Может быть, самой выразительной художественно-исторической зарисовкой постреформационного состояния умов следует признать безыскусный рассказ Мушкетона (слуги Портоса) в романе А. Дюма «Три мушкетера».
Отец Мушкетона занимался разбоем на больших /133/ дорогах. Встречая католика, он назывался гугенотом и грабил его как гугенот; встречая гугенота, назывался католиком и грабил как католик. Однажды ограбленные (гугенот и католик) сговорились между собой и повесило папашу Мушкетона. Тогда сыновья последнего, один из которых был гугенот, а другой католик, решили отомстить за отца. Сын-гугенот бросился преследовать убийцу католика, а сын-католик убийцу-гугенота.
Общеевропейским феноменом следует признать и массовую деморализацию, о которой говорил Шиллер подводя итоги Тридцатилетней войны.

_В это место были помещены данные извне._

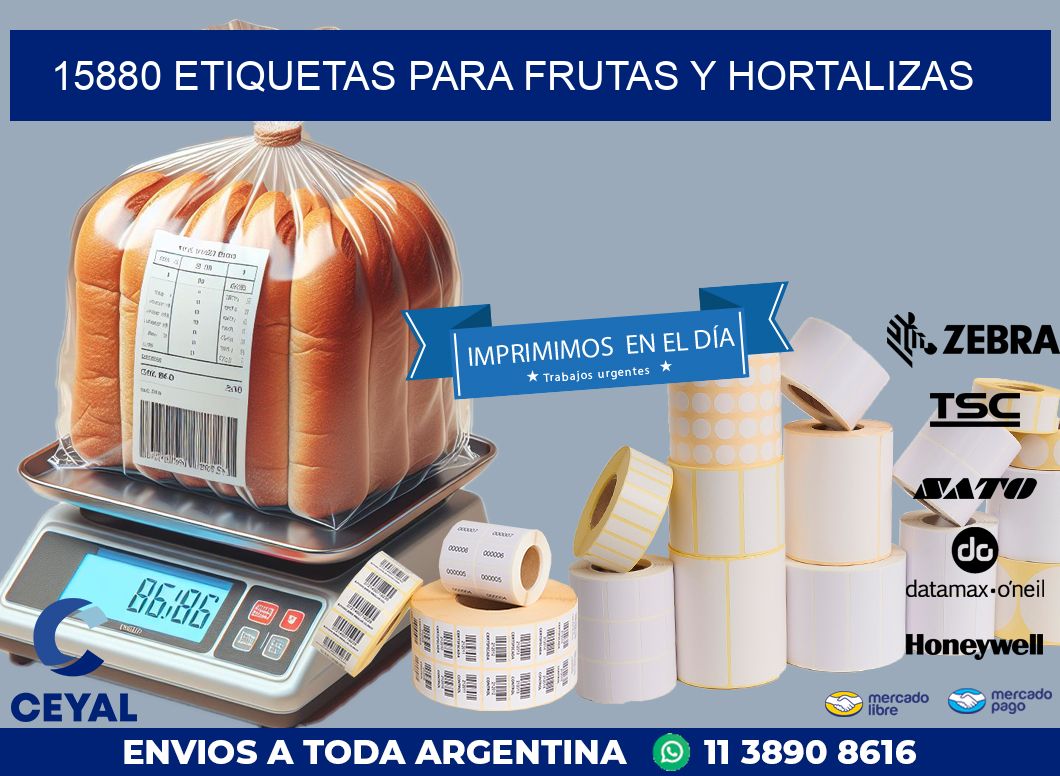 15880 ETIQUETAS PARA FRUTAS Y HORTALIZAS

«Век, в который мы, живем, настолько свинцовый, — свидетельствовал Монтень, — что не только сама добродетель, но даже понятия о ней — вещь неведомая. Не заметно больше поступков исполненных добродетели; те, которые кажутся такими на деле не таковы, ибо нас влекут к ним выгоды, слава, страх, привычка и другие столь же далекие от добродетели побуждения. Справедливость, доблесть, доброта, которые мы обнаруживаем при этом, могут быть вызваны так лишь теми, кто смотрит со стороны, на основании того облика в каком они предстают на людях, но для самого деятеля это никоим образом не добродетель; он преследует совершенно иные цели…»[8].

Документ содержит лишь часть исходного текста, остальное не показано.